Monday, September 10, 2012

Winning the position(s)

I have no idea if coaches give any thought to this matter but here goes anyway.

To typically be a successful basketball team, five need to become some degree of one on the court as in the sum of the talents being greater than the parts or the meshing of players individual talents making each more effective. That's well known and really important for any team in the WAC because guys who can carry a team are non-existent in the conference this coming season.

Even as individually talented as they are/were, the Kentucky 2011-12 guys played unselfishly together, not apart, and we all know the result.

However, the centerpiece of this post is the thought that victory also includes winning the position offensively and defensively, meaning your center performing better than his opponent, your four doing the same and so on down the line.

To triumph generally requires winning the overall mano-a-mano battles at the majority of the five positions.

The exception -- and there always seems to be one -- being when a player just goes off for 35 points or some sort of never-to-be-reached again career night while his direct opponent manages say five.

In that scenario, winning at the other positions isn't such a requirement in order to nab a W -- but how many times do such individual efforts occur?

But it's also critical to understand the connection between playing as a unit and succeeding in the battles at the individual positions. They are intertwined.
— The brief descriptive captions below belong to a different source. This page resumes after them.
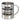 Ich bin Professorin, was ist deine Superkraft? – Edelstahlbecher 400 ml – Silber – Ohne Deckel und Karabiner – Ansicht 1 #farbe_silber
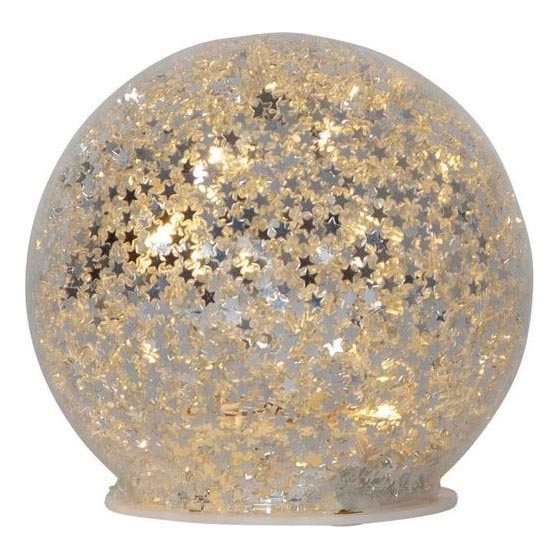 Eglo 411345 - LED Vánoční dekorace STAR FALL 10xLED/2xAA pr. 10 cm stříbrná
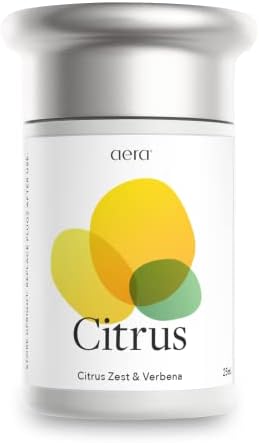 Aera Citrus Dom Miris Miris Refill - Bilješke limuna, naranče, kadulje i cedra - radi s difuzorom Aera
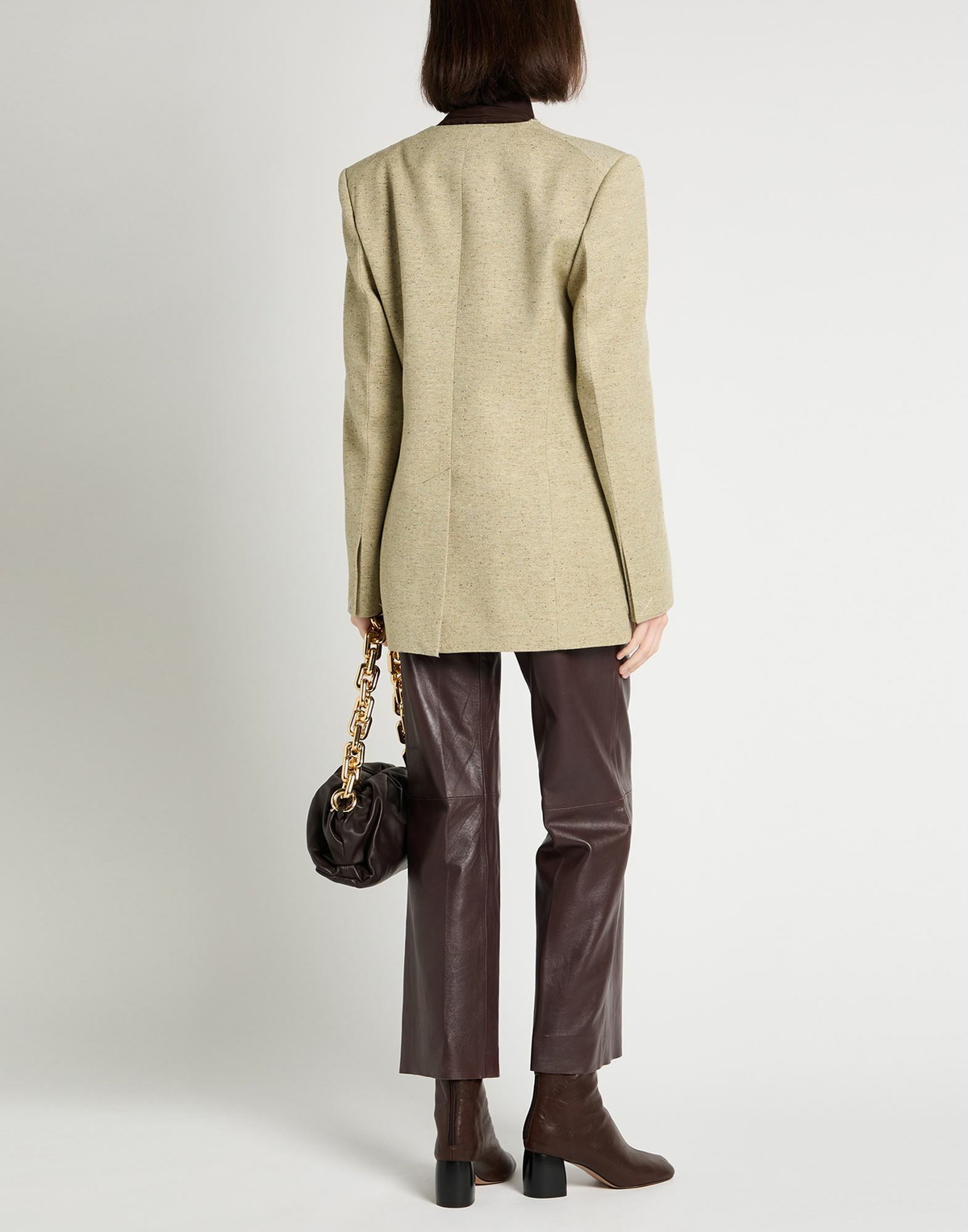 Victoria Beckham Womens Blazer Light in Green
Making all this somewhat more concrete, let's have some fun and predict/project the starting fives for New Mexico State and Utah State in the upcoming season.

The southern Aggies:

* Tshilidzi Nephawe
* Bandja Sy
* Tyrone Watson
* Daniel Mullings
* K.C. Ross-Miller

The northern Aggies

* Jarred Shaw
* Kyisean Reed
* Spencer Butterfield
* Preston Medlin
* Tenale Roland

Granted, bench production is being ignored in this equation but who wins which of the individual positional struggles between these two opponents, takes a majority and thus a victory?